A squall line with two distinct bows passed through the area on the night of July 20-21, 2003 around 4 a.m.  Where two bowing segments linked-up in a Bookend vortex, this tornado was spun with EF0 strength (winds of 85 mph).  Another EF0 appears to have struck Battle Ground, resulting in tree damage.

Otherwise, this was a damaging straight-line wind event after what had been a very, very stormy, wet July with flooding rains.

The tornado may have began as far south as Bishop Woods, but was definite with tree & stoplight damage in the neighborhood just southwest of & right at Teal & 18th.  Minor damage occurred at Lafayette Jefferson High School with fence damage & the bleachers picked up & thrown counterclockwise by the brief twister.  After this, it lifted.

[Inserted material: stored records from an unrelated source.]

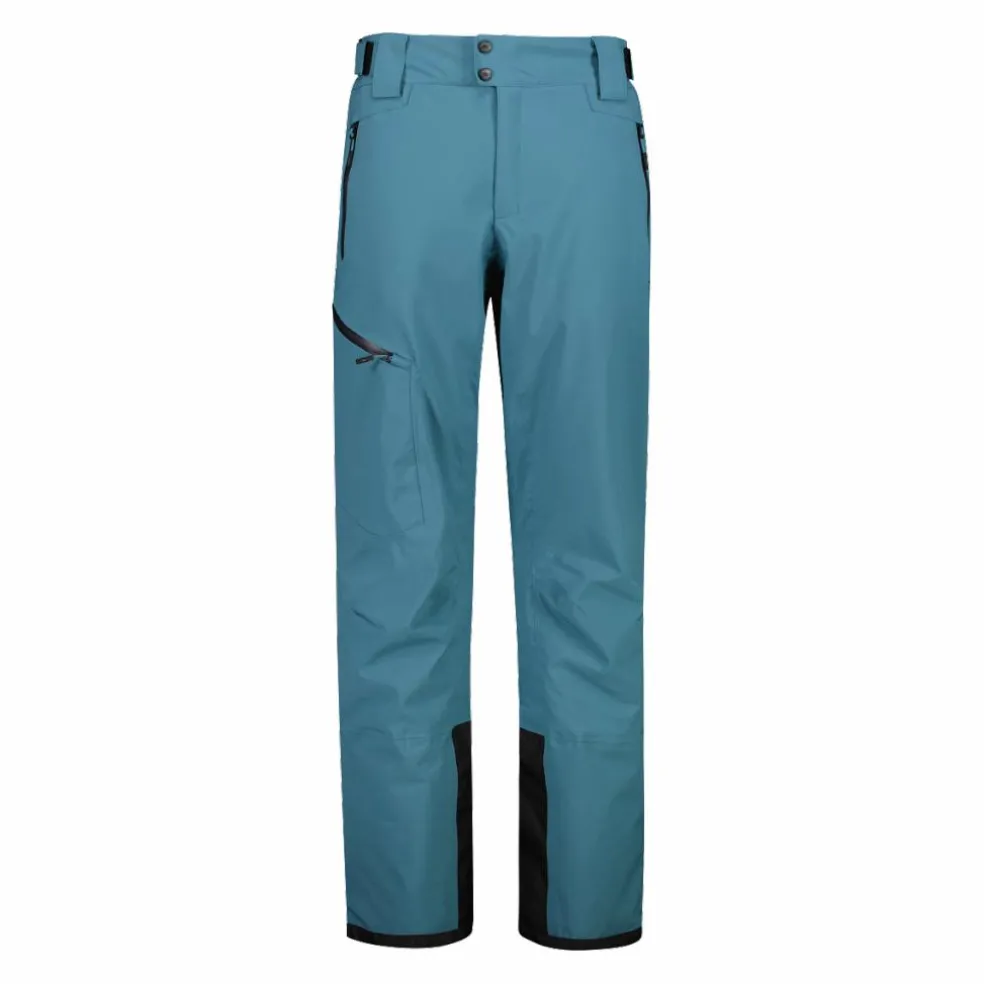 Pantalone da sci e snowboard da uomo in mechanical stretch loose fit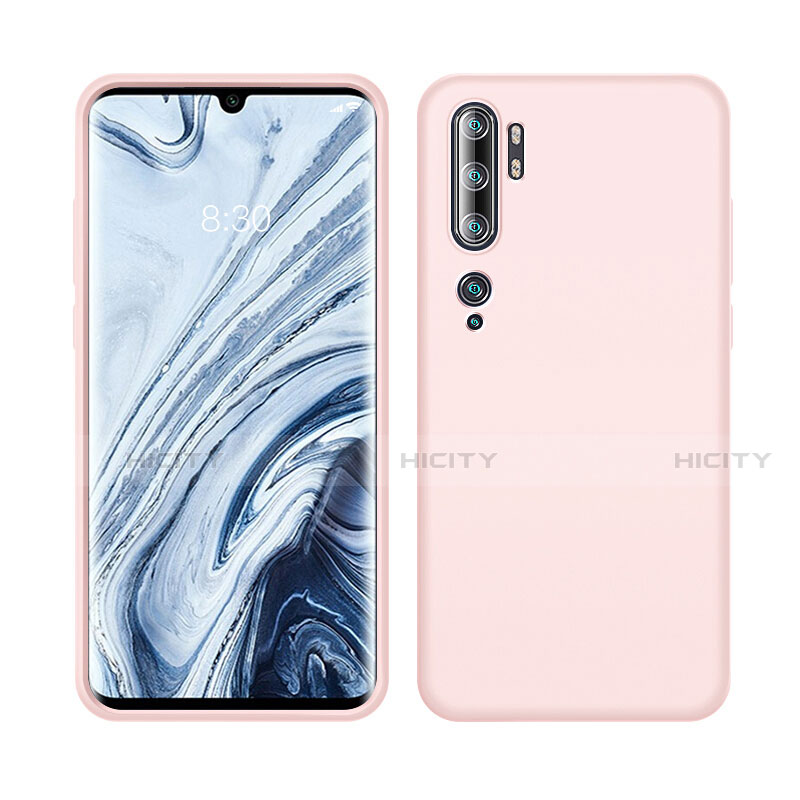 Custodia Silicone Ultra Sottile Morbida 360 Gradi Cover C08 per Xiaomi Mi Note 10 Pro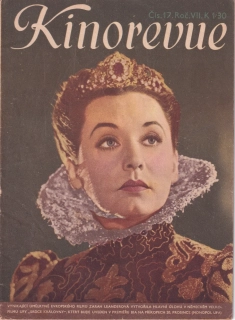 KINOREVUE 1940/17 (Film Srdce královny a Zarah Leander)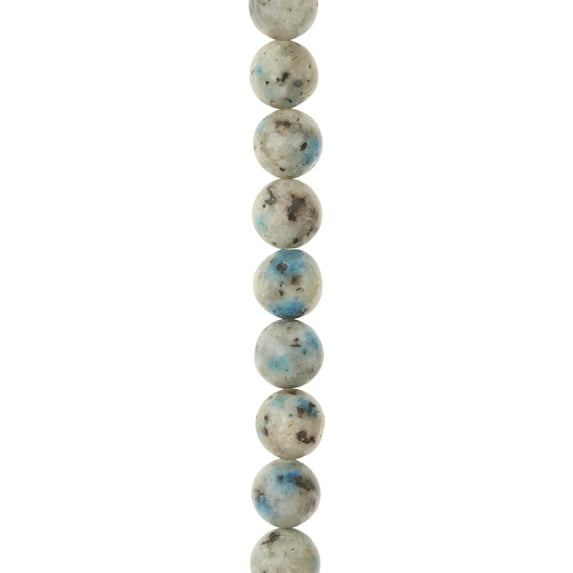 K2 Stone Round Beads by Bead Landing - 10mm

One Response to “Tornadoes That Have Hit Modern-Day West Lafayette & Lafayette City Limits……..More On Other Towns Soon”

  1. Cantore says:

    I find this info interesting and really find it interesting where most tornadoes have formed in the city. Wasn’t there a tornado reported out by the state police post on 43 and moved on to Lafayette Venetian Blind in the mid 90′s? I can’t recall the exact year. At that time I was terrified of tornadoes and my brother got a call to go take pictures. I had a room in the basement of my parents house and my mom wanted to wake me, but my dad was like why he is safe down here and wouldn’t want to know about it.